- Task to complete: Copy, from the entries below, each line where the word "cumprimento" can be found.

- Provided data:

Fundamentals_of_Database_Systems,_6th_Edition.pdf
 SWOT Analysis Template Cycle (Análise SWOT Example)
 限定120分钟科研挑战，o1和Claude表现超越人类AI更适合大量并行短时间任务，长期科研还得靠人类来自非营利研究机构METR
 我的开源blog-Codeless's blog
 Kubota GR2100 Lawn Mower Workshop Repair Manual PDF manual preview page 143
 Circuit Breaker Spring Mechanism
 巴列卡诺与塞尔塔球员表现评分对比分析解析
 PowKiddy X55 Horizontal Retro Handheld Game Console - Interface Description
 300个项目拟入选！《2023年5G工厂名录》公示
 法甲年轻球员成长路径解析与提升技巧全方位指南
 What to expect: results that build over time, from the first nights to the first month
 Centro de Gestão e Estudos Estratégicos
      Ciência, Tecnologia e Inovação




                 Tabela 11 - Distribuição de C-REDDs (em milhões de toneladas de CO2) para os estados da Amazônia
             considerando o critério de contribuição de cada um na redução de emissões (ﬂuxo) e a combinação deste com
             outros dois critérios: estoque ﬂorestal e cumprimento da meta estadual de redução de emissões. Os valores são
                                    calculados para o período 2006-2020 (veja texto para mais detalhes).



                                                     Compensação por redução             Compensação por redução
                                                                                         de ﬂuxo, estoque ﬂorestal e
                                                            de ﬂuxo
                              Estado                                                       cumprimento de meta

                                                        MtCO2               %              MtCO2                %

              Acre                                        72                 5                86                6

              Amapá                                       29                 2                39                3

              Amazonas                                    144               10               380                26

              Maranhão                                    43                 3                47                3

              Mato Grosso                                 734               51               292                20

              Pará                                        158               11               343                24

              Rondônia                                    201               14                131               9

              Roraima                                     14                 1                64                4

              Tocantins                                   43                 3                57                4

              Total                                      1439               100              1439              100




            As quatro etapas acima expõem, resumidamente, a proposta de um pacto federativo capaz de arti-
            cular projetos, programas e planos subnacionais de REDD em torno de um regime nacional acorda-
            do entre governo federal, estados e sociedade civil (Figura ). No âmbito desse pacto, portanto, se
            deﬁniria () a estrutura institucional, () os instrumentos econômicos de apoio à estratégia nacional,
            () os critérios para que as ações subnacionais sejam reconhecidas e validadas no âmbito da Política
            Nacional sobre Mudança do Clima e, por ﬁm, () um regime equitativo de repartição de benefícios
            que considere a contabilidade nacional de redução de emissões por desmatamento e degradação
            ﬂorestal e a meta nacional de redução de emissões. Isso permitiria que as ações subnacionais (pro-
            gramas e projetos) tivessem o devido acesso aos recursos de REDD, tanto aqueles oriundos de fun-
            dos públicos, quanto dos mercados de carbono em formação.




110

- Written answer:
             outros dois critérios: estoque ﬂorestal e cumprimento da meta estadual de redução de emissões. Os valores são
                              Estado                                                       cumprimento de meta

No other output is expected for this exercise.